- Born: Rio de Janeiro, Brazil
- Citizenship: Canadian
- Education: Beloit College (Undergraduate) Johns Hopkins University (PhD)
- Scientific career
- Fields: Astrophysics, Technology, Entrepreneurship

= Jean-Marc Perelmuter =

Canadian astrophysicist and author

Jean-Marc Perelmuter is a Canadian astrophysicist, technology entrepreneur, and author.

== Early life and education ==
Perelmuter was born in Rio de Janeiro, Brazil, and later moved to Canada. He completed his undergraduate studies at Beloit College before earning a PhD from Johns Hopkins University. During his graduate studies, he became the first recipient of the Hubble Space Telescope Science Institute's graduate fellowship, where he worked under the mentorship of astronomer Allan Sandage.

== Career ==

=== Astrophysics research ===
Perelmuter collaborated with Sandage on a series of peer-reviewed studies published in The Astrophysical Journal, investigating the expansion of the universe, observational biases, and cosmic evolution.
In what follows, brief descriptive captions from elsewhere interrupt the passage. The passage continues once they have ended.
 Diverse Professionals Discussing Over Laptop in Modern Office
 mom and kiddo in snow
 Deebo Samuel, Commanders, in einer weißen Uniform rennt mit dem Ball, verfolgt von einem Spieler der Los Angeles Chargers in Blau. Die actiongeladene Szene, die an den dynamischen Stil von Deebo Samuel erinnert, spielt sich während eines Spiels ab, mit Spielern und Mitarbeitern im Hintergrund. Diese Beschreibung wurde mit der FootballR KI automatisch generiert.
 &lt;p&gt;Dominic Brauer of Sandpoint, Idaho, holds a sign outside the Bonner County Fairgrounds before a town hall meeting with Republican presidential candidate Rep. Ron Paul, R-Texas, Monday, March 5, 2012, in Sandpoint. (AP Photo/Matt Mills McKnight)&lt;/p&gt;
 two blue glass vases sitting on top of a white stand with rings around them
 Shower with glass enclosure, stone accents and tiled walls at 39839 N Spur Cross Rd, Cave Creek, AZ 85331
His research also examined the role of galactic mergers in galaxy evolution. In 1993, he identified the progenitor star of supernova SN1993J, contributing to the understanding of supernova chemistry.

Following his academic work, Perelmuter served as a project manager for NASA's science and education initiatives related to the Messenger mission to Mercury. He later taught physics at the University of Victoria.
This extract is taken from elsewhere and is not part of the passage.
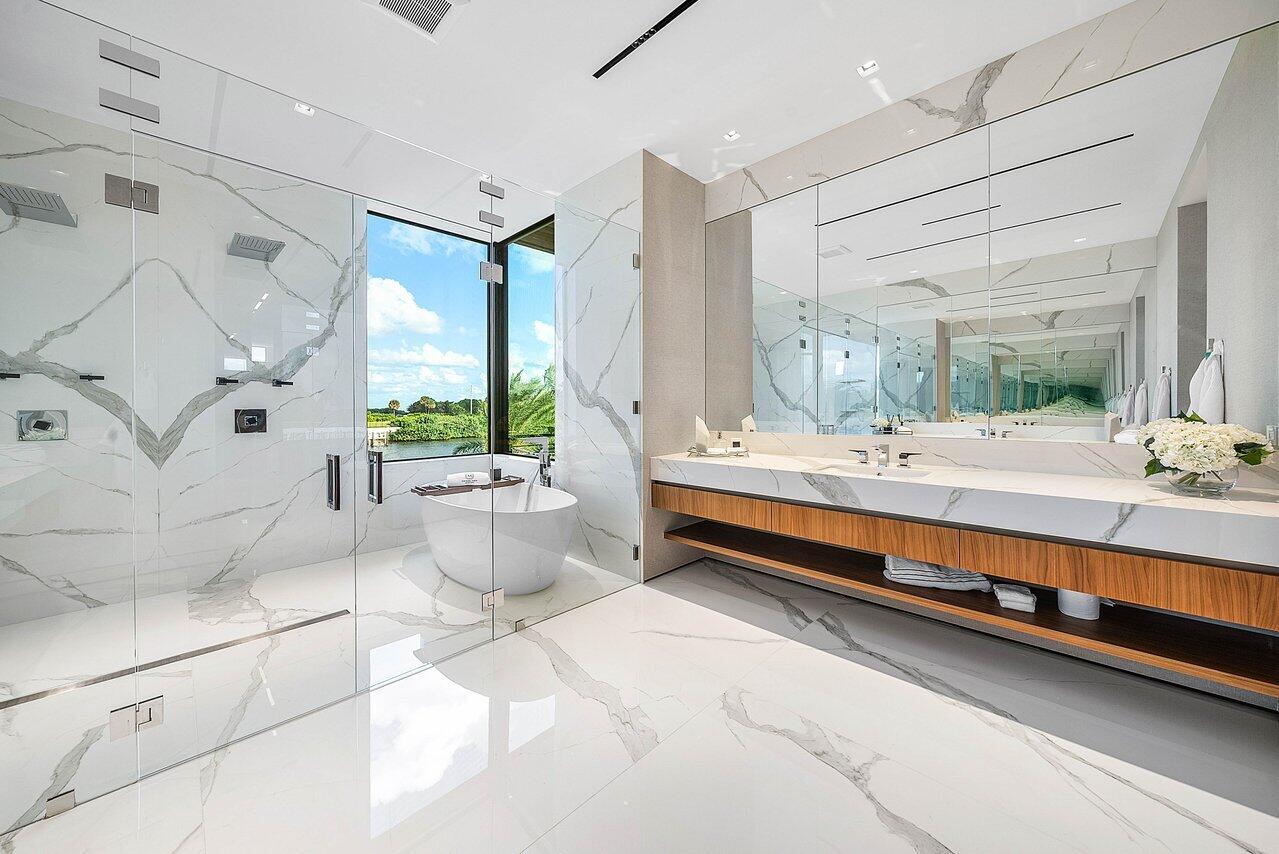 4460 Northeast 31st Avenue Lighthouse Point, FL 33064 - Photo 44 of 152 a bathroom with a double vanity sink and a bathtub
=== Media and science communication ===
In the 2000s, Perelmuter wrote a weekly astronomy column, Eye on the Sky, for Fox News Online. After the column’s discontinuation, he launched Spacegeek with Doc P, an online video series that used humor and cultural references to make astrophysics accessible.
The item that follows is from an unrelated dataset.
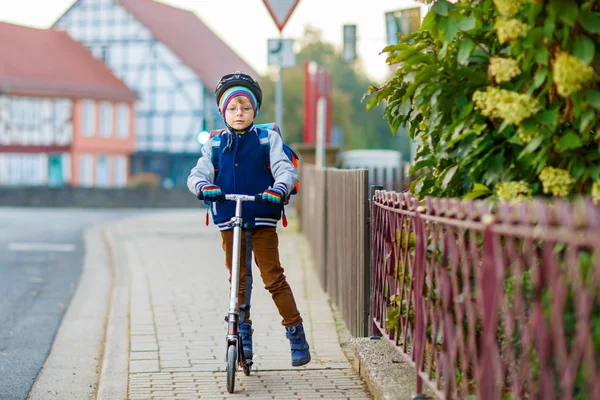 Kleiner Junge mit Helm fährt mit seinem Roller durch die Stadt — Stockfoto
He was featured in an episode of the Discovery Channel’s Curiosity series titled Alien Invasion: Are We Ready?

=== Entrepreneurship ===
In the late 1990s, Perelmuter founded Artifex Internet Inc., a web hosting and design company with clients including the city of Laval, Quebec, and the Montreal Expos. In 2020, he co-founded Ruume, a browser-based immersive meeting platform offering virtual environments for remote work and collaboration.

== Publications ==

=== Book ===

- Perelmuter, J.-M. (2006). The Sinusoidal Spaghetti.

=== Journal Articles ===

- Sandage, A., & Perelmuter, J.-M. (1990). The surface brightness test for the expansion of the universe. I. Properties of Petrosian metric diameters. The Astrophysical Journal, 350, 481.
- Sandage, A., & Perelmuter, J.-M. (1990). The surface brightness test for the expansion of the universe. II. Radii, surface brightness, and absolute magnitude correlations for nearby E galaxies. The Astrophysical Journal, 361, 1.
- Sandage, A., & Perelmuter, J.-M. (1991). The surface brightness test for the expansion of the universe. III. Reduction of data for the several brightest galaxies in clusters to standard conditions and a first indication that the expansion is real. The Astrophysical Journal, 370, 455.
- Perelmuter, J.-M. (1995). Mergers, accretions, and the globular cluster mean metallicity-number per unit mass relation. The Astrophysical Journal, 454, 762.

=== Report ===

- Andrillat, Y. (1993). Supernova 1993J in NGC 3031 (IAUC No. 5736). International Astronomical Union.